2. Islamic societies across history are notable for their thoughtful consideration and integration of diverse populations to allow for peaceful coexistence.
3. Despite emerging socio-political obstacles, Muslims across history and into the present-day have been able to transcend religious boundaries to maintain a productive dialogue with other faiths.
As one of several major world religions, Islam’s history has at certain points intersected with that of other faiths. Even from the time of the Prophet Muhammad’s Qur’anic revelations, thoughtful consideration was given to how the future ‘Islamic movement’ would approach interactions with other faiths, with the Qur’an often acknowledging the other monotheistic Abrahamic faiths as the basis for The Prophet’s new revelations and encouraged a certain collectivism, celebration and collaboration with other faiths owing to this shared heritage:
"Indeed, those who believed and those who were Jews or Christians or Sabeans [before Prophet Muhammad] - those [among them] who believed in Allah and the Last Day and did righteousness - will have their reward with their Lord, and no fear will there be concerning them, nor will they grieve."
Given the extensive diversity of religious faiths and the high percentages of the population that adhere to them – with over 1.5 billion, in 2010, aligning themselves with Islam, 2.1 billion with Christianity, and 1 billion with Hinduism, to name a few – this is an important area of study if we wish to understand the complex social dynamics in interactions between Islam and other faiths.
This article will examine a selection of key interactions of interest between individuals and empires of Islamic faith and other religions, in order to evaluate how past interfaith correspondence have influenced those successive, so that we might come to a conclusion about how interfaith relations will evolve into the future.
The Pre-Qur’anic Context
Given that the topic of “Islamic interfaith relations” depends on the presence of an established Islamic religion or movement, there is little to mention in this section regarding “Islamic” interactions with other faiths. However, there are certain points of interest regarding the religious demographics of Arabia before the Islam movement as it was established by The Prophet emerged. These pre-Islam demographics provide an important context for the understanding of future cross-religious interactions.

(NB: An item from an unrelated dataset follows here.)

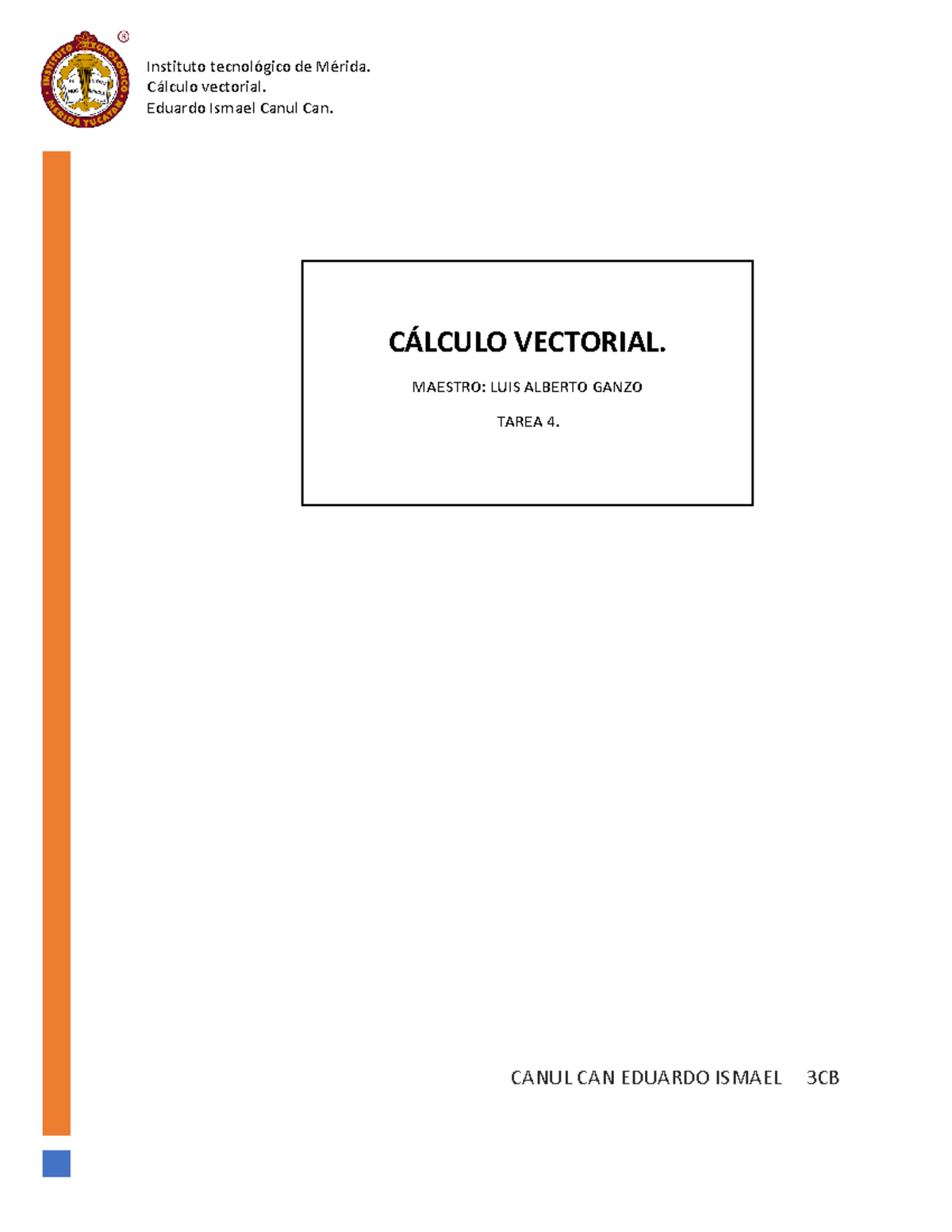 Tarea 4 - Warning: TT: Undefined Function: 32 Instituto Tecnológico De ...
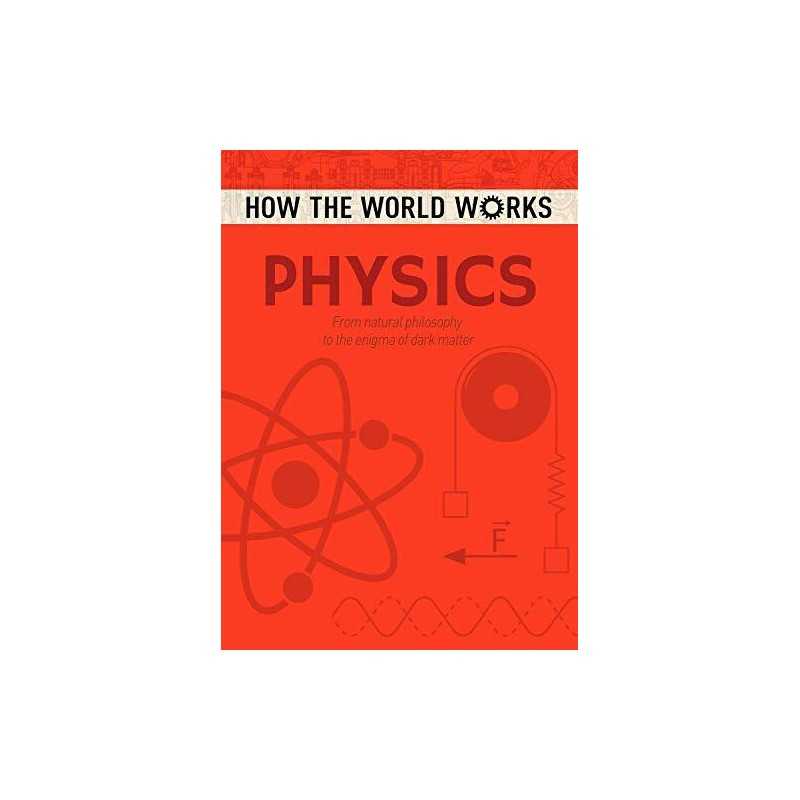 How the World Works: Physics: From natural philosophy to the e... by Anne Rooney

For religions specifically of Arab origin, polytheism dominated the pre-Islamic scene. Its population organising themselves as a nomadic society composed of a mix of several, disconnected tribes interspersed with a select few sedentary settlements, the culture of polytheism that pervaded the region exacerbated this division through a characteristic “lack of conviction” stemming from fatalistic attitudes promoted by the pagan religions, which severely undermined the notion of unity between Arabians (in contrast to Islam, which would promote strong values of shared community and the unity of Arabs under the banner of monotheistic devotion to Allah). The Qur’an, in part acting as a record or account of the history of the region, describes such attitudes:
“And they (the Pagans) say: "There is nothing but only our life in this world. Some of us die, while others continue to live; and nothing causes us to perish but Time (the processes of decline and decay). " But they have no (sure and true) knowledge about this (the real nature and meaning of life and death, and the life after it). They merely follow their conjectures.”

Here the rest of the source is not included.